В то время как вместо перевода огромного древнего философского или иного текста гораздо полезнее было бы его добротное комментированное исследование, а также конспективное изложение - для "общей публики". Чтобы не было иллюзий - вон, дескать, наконец-то Дхармакирти стал доступен широким массам. Не стал, не стал!..
Интересно и весьма характерно для русского интеллигента замечает востоковед г-жа Альбедиль про А. М.Пятигорского. Говорит, что в бытность того преподавателем Московского университета Пятигорский хронически опаздывал на свои лекции, где-то на 20 минут. Аудитория до изнеможения изнывала и, когда наконец-то мэтр соизволил являться, то его появление было подобно почти религиозному катарсису [не помню, где именно я это вычитал. За точность не ручаюсь, но мысль была именно такая]. Это действо воспринималось студенческой публикой - таинственной инициацией. А потом, когда А. М. уехал из Москвы и стал преподавать в Лондоне, - сетует Альбедиль, - он опаздывать на свои лекции перестал, став "обычным западным преподавателем". Того мистического очарования эксцентрика и чудака вроде как не стало.
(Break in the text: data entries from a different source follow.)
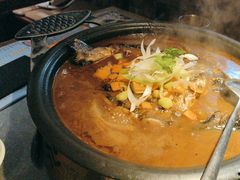 -探鱼·鲜青椒爽麻烤鱼(天河优托邦店)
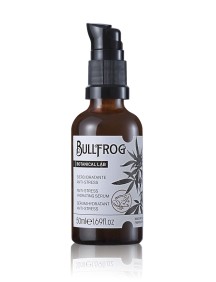 Bullfrog Sérum hydratant anti-stress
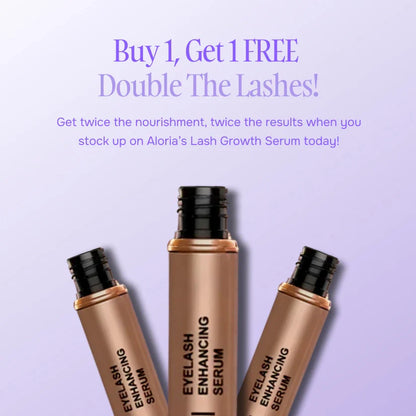 Aloria™ Eyelash Growth Serum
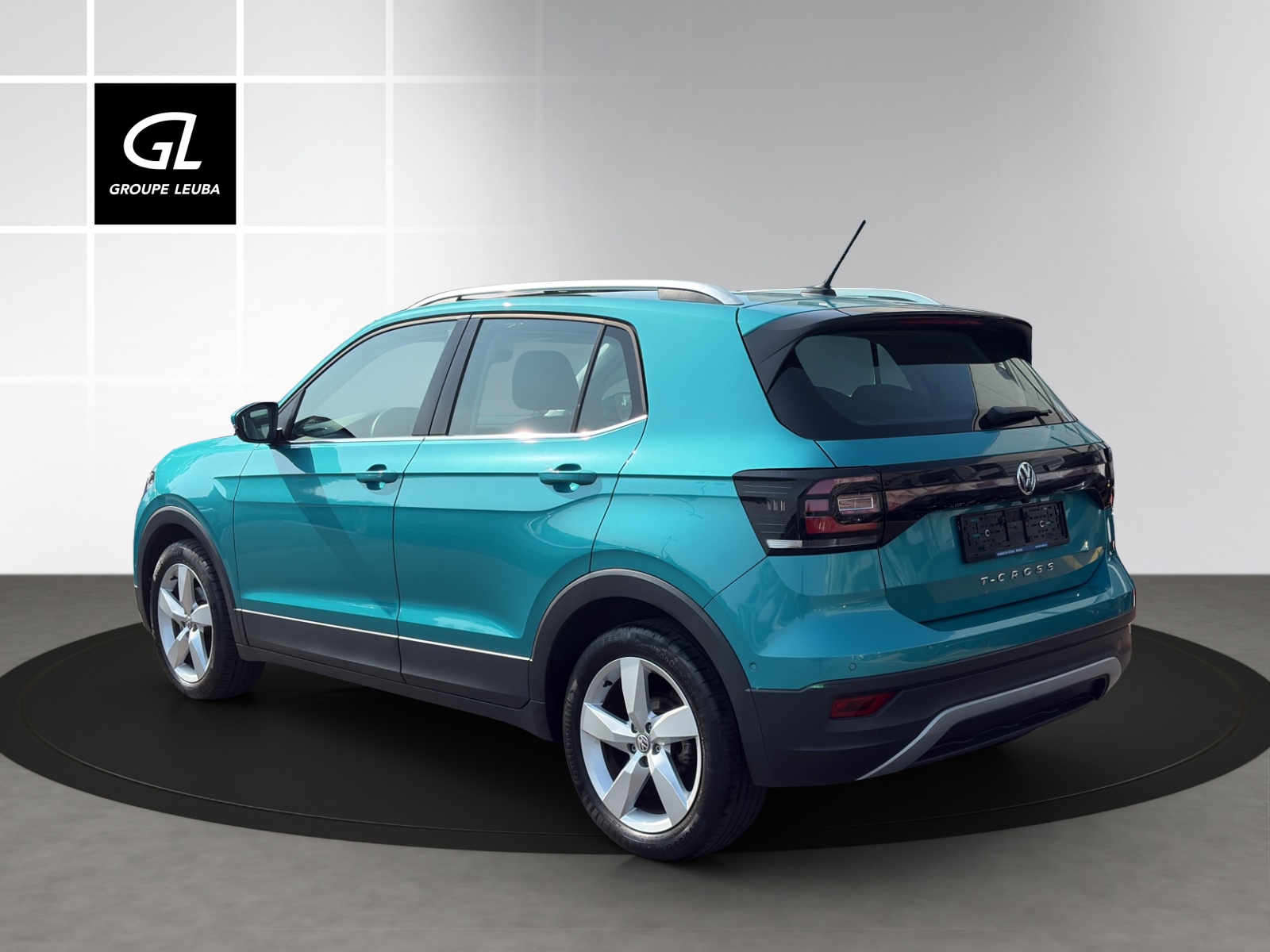 VW T-Cross 1.0 TSI Life-image-3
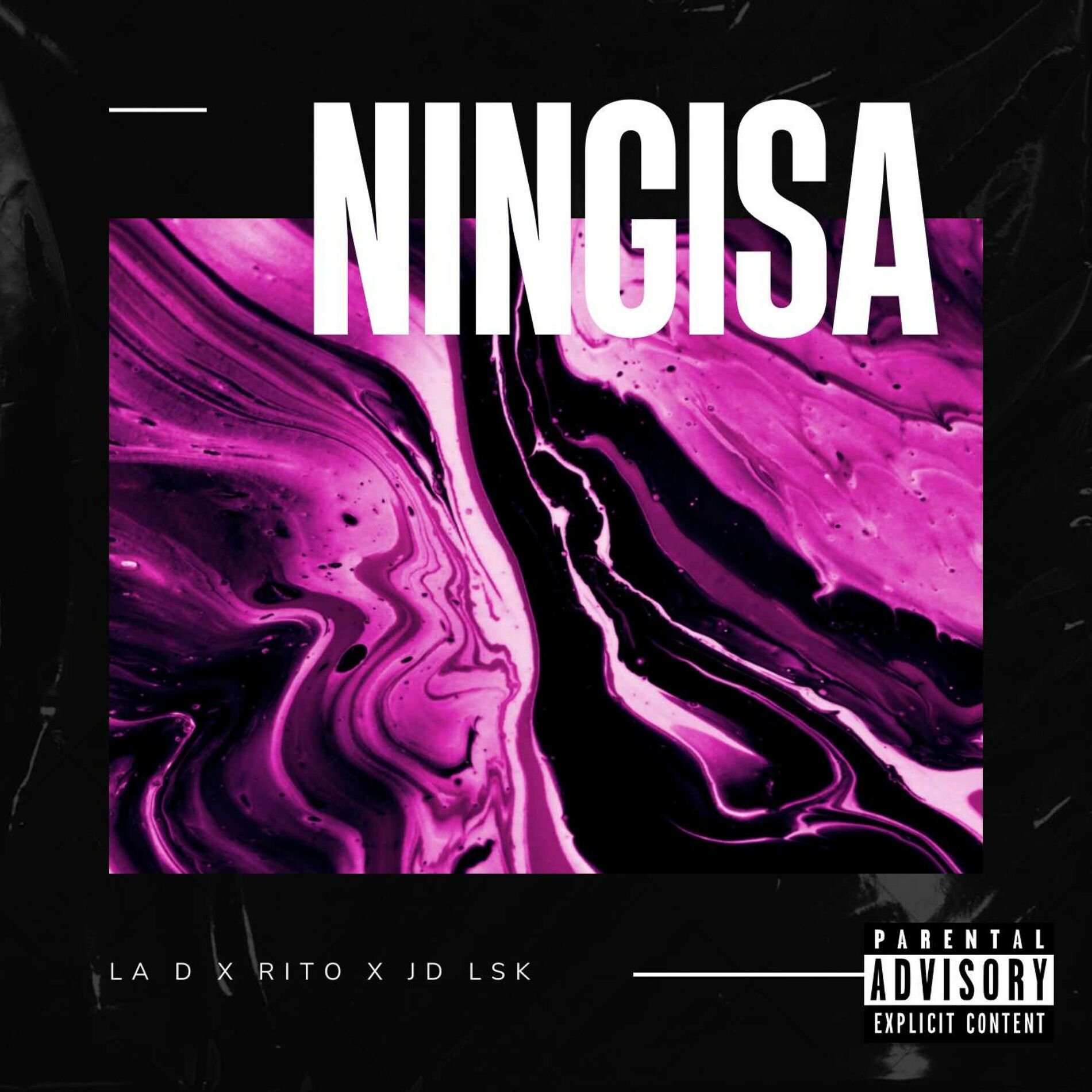 Album cover of Ningisa (feat. Jd Lsk & Rito)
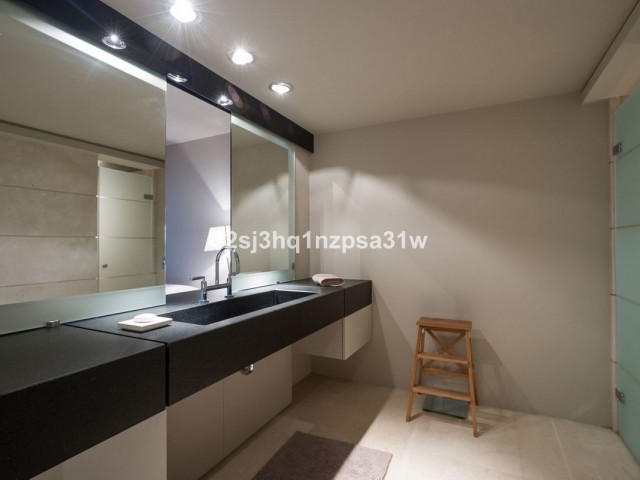 Takvåning i The Golden Mile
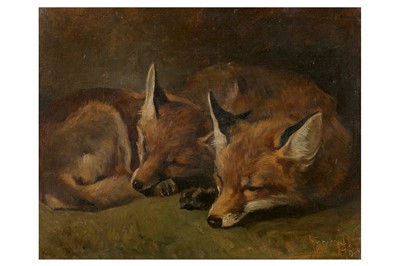 Lot 83 - JOHN EMMS (BRITISH 1843–1912)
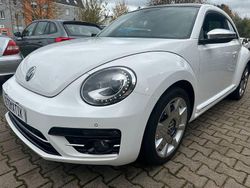 Weiß Gebraucht 2012 VW Beetle Edition Coupé | 11.999 € (Fairer Preis)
Я бы сказал, что чего не стало - так это культивируемого в качестве таинственной позы простого раздолбайства (да простит меня покойный Александр Моисеевич, которого я очень люблю!). Сия характерная безалаберность - сродни длинной спутанной ("иерейской") бородище Владимира Соловьёва, вдохновенно изображавшего из себя ветхозаветного пророка.
Понятно, что это - скучная для русского человека педантичность немецкого или британского (европейского) преподавателя. Здесь очевидна разница между профессионалом-интеллектуалом, добросовестно делающим своё дело, и безудержно фантазирующим и нарочито интересничающим самоназначенным "властителем дум".